### [How to complete this task]
An exact reproduction of all the data is needed, with no images in it.

### [Recorded information]
_ _ _

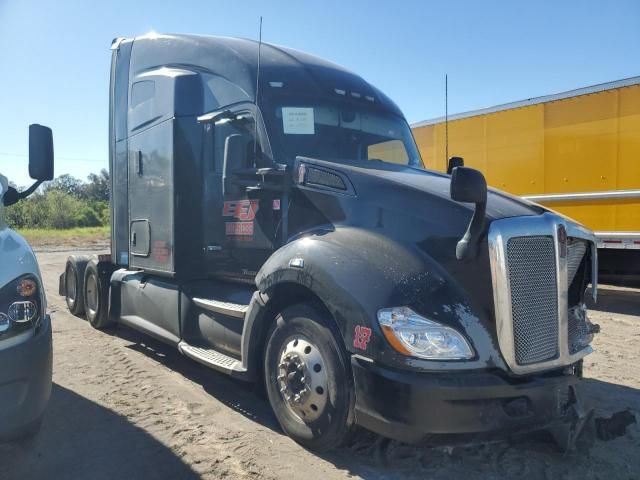 2020 Kenworth Construction T680
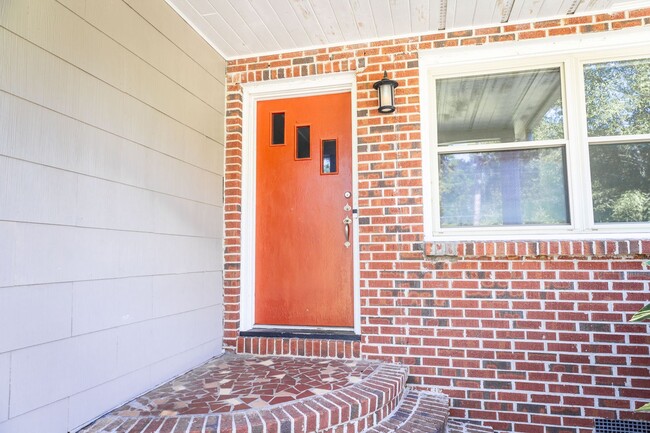 Building Photo - Gorgeous Home Located in Betton Hills, in ...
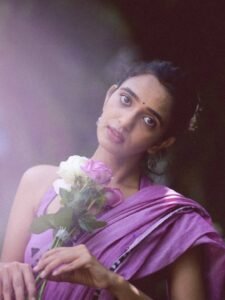 Trupti Ravindra Elegant Purple Saree Photoshoot (1)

_ _ _

### [Answer to this problem]
 2020 Kenworth Construction T680
 Building Photo - Gorgeous Home Located in Betton Hills, in ...
 Trupti Ravindra Elegant Purple Saree Photoshoot (1)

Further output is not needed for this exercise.